Children and adolescents under age 16 are not eligible to receive the Pfizer-BioNTech vaccine. Those under age 19 are not eligible to receive the Moderna vaccine as there are not data on the safety and efficacy in this population. While pregnant or immunocompromised individuals were also not included in the first round of trials, patients who are pregnant, lactating, or immunocompromised are able to determine if they wish to receive the vaccine. These patients are encouraged to have a discussion on the potential benefits and risks with their family physician.

As with other vaccines, anyone who has a fever or other symptoms may not be able to get the vaccine until their symptoms resolve. This includes those who have symptoms or are positive for COVID-19. There is also caution for people with documented anaphylactic reactions to vaccines. Individuals with a known allergy to any of the vaccine components should not be immunized.

Can I get other vaccines, like the flu shot, at the same time as the COVID-19 vaccine?

No, you will need to wait two weeks after getting the COVID-19 vaccine before getting other immunizations.

How do I report symptoms after the vaccine?

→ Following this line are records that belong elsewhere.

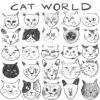 Cat World is a black and white illustration art print showcasing 24 hand-drawn cat faces with diverse expressions and styles, arranged in a grid, highlighting various moods and artistic interpretations.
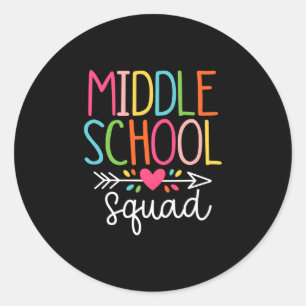 Sticker Rond Équipe de collège premier jour d'école milieu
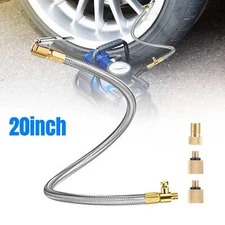 20" Tire Inflator Extension Tube Tire Pump Inflation Chuck Adapter Hose w/Presta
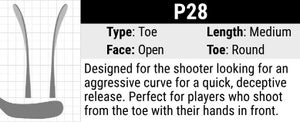CCM P28 Hockey Stick Blade Curve: Toe Curve, Medium Length, Open Face and Round Toe. Its unique design helps a player to shoot with the hands out front and close to the body, making it quick and easy to snipe all parts of the net. 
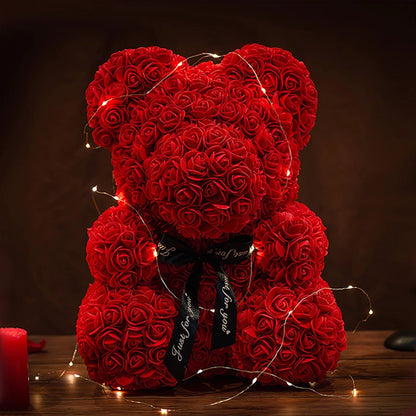 Décoration de cadeaux de Saint-Valentin Ours en roses Fleur artificielle avec boîte lumineuse Ours en peluche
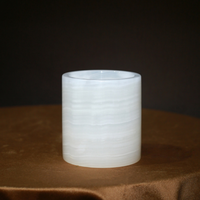 Ensemble de pots à bougies RF en onyx rose, jaune, blanc et noir, fait main, en pierre naturelle, récipient de luxe pour bougies de soja, décoration d'intérieur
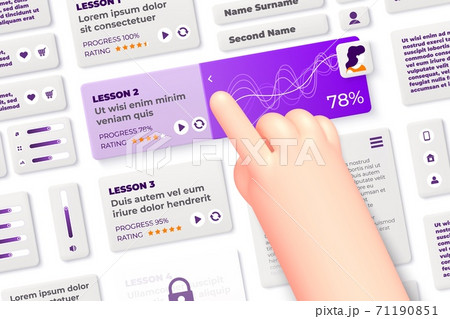 Vector cartoon hand in online school with lessons Vector cartoon hand in online school with lessons 71190851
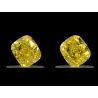1.00 Carat, Pair of Natural Fancy Vivid Yellow, Cushion Shape, VVS1 Clarity, GIA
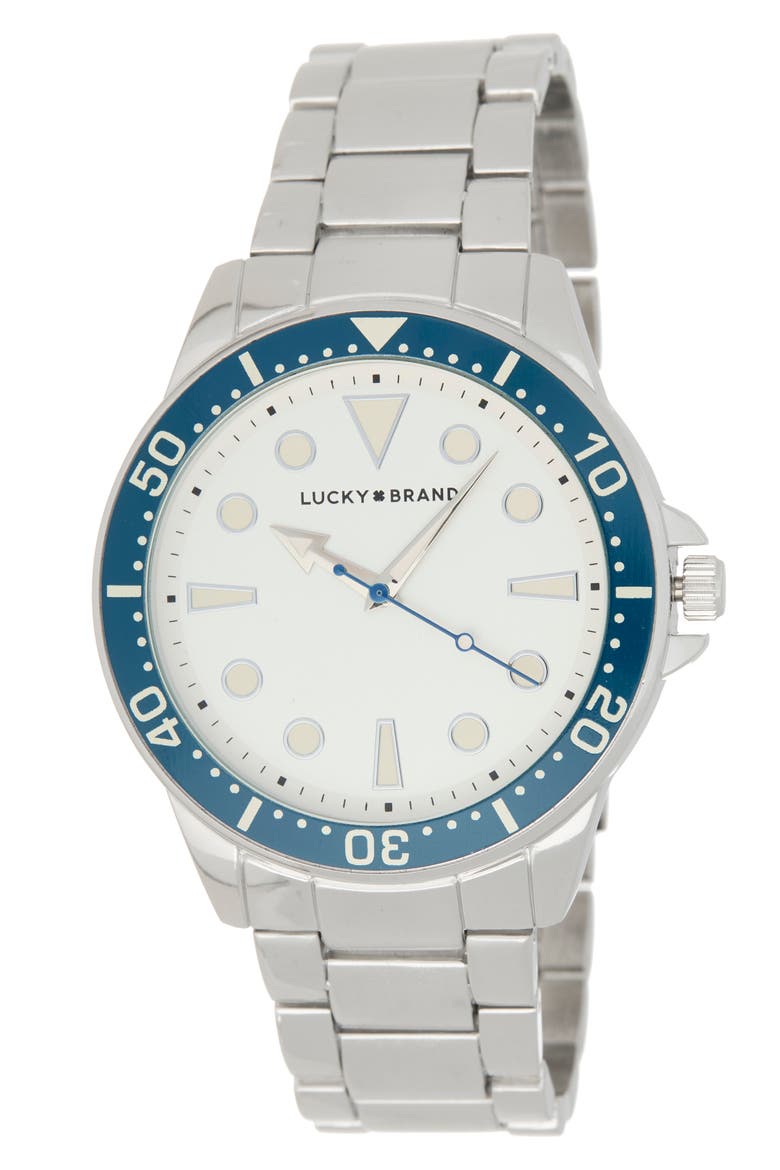 Bracelet Watch, 44mm, Main, color, SILVER/ NAVY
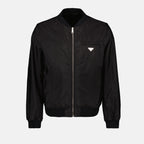Manteaux Blouson en cuir réversible Prada Noir Homme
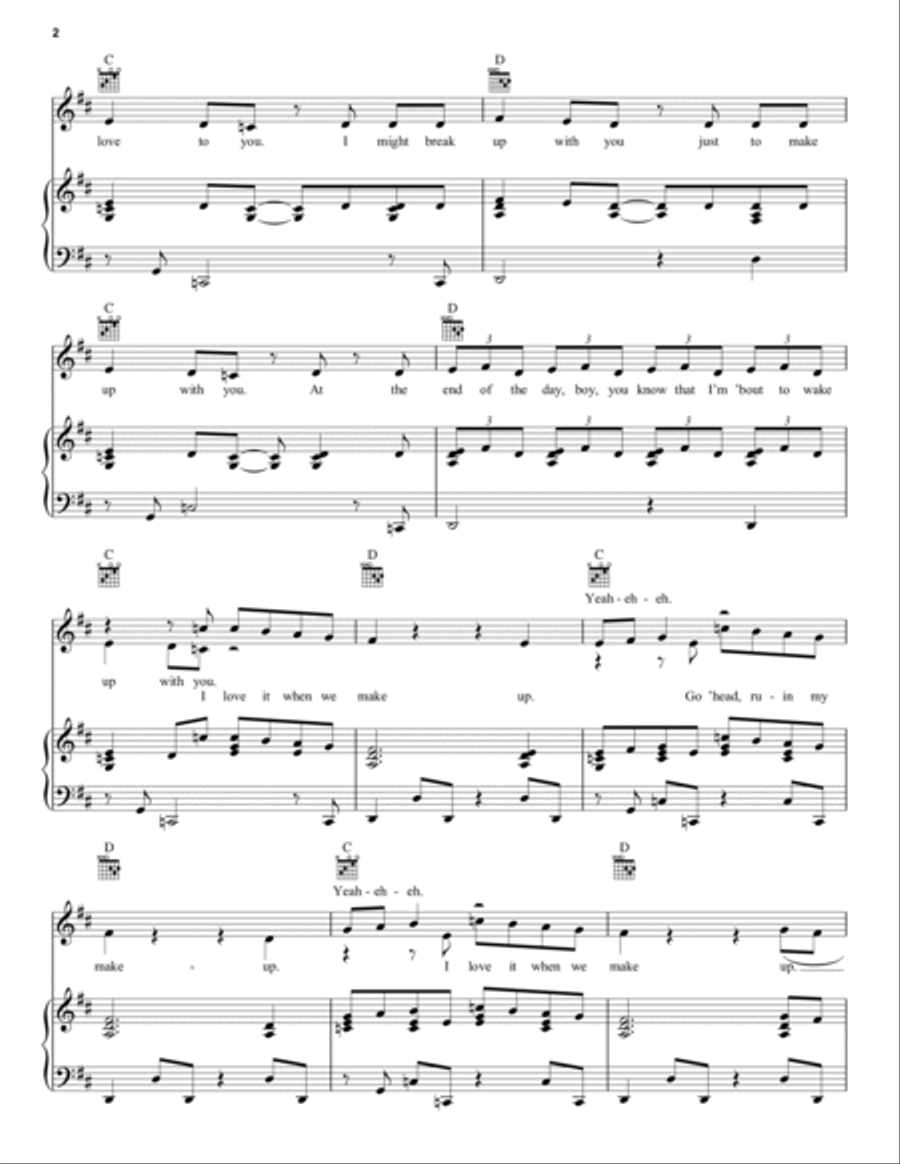 Make Up Piano, Vocal, Guitar scores gallery preview page 2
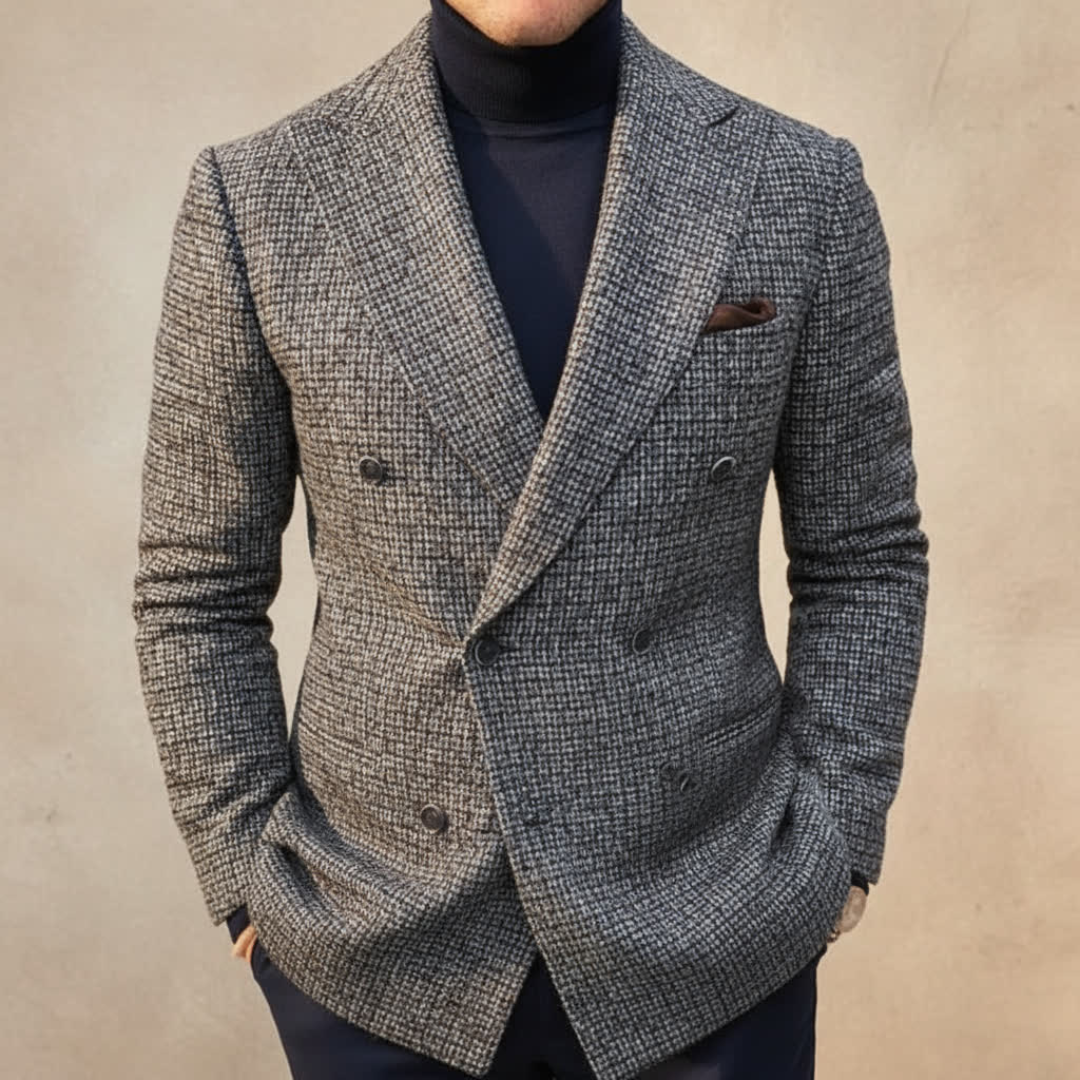 Britton Men’s Tweed Blazer – Double-Breasted Textured Jacket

As with other vaccines, vaccine recipients are encouraged to report side effects (called adverse events) to the Vaccine Adverse Event Reporting System (VAERS). This is a nationwide program that collects data to use as signals of unexpected events from a vaccine. If you have a question on what might be considered a side effect related to the vaccine, talk with your family physician.

Because any COVID-19 vaccine will be provided under EUA, clinicians will have additional reporting requirements outlined in the EUA fact sheet from the FDA. Each state and jurisdiction has plans in place for handling reporting.

In addition to VAERS, the CDC will implement a new, smartphone-based tool called v-safe that will send text messages to encourage reporting of adverse events or impacts to quality of life. This system will require the use of a smartphone, and recipients must opt into the system. Information on v-safe will be provided to anyone who gets the vaccine, along with a card indicating which vaccine and dose was given, and the EUA fact sheet.

If I have allergies, can I get the COVID-19 vaccine?

Yes! Seasonal allergies and even food allergies, including allergies to shellfish and peanuts, do not exclude you from getting the COVID-19 vaccine. Individuals who had severe reactions, like anaphylaxis, to injectable medication or vaccines in the past should not get the COVID-19 vaccine at this time.

Can I get the COVID-19 vaccine if I am pregnant or breastfeeding?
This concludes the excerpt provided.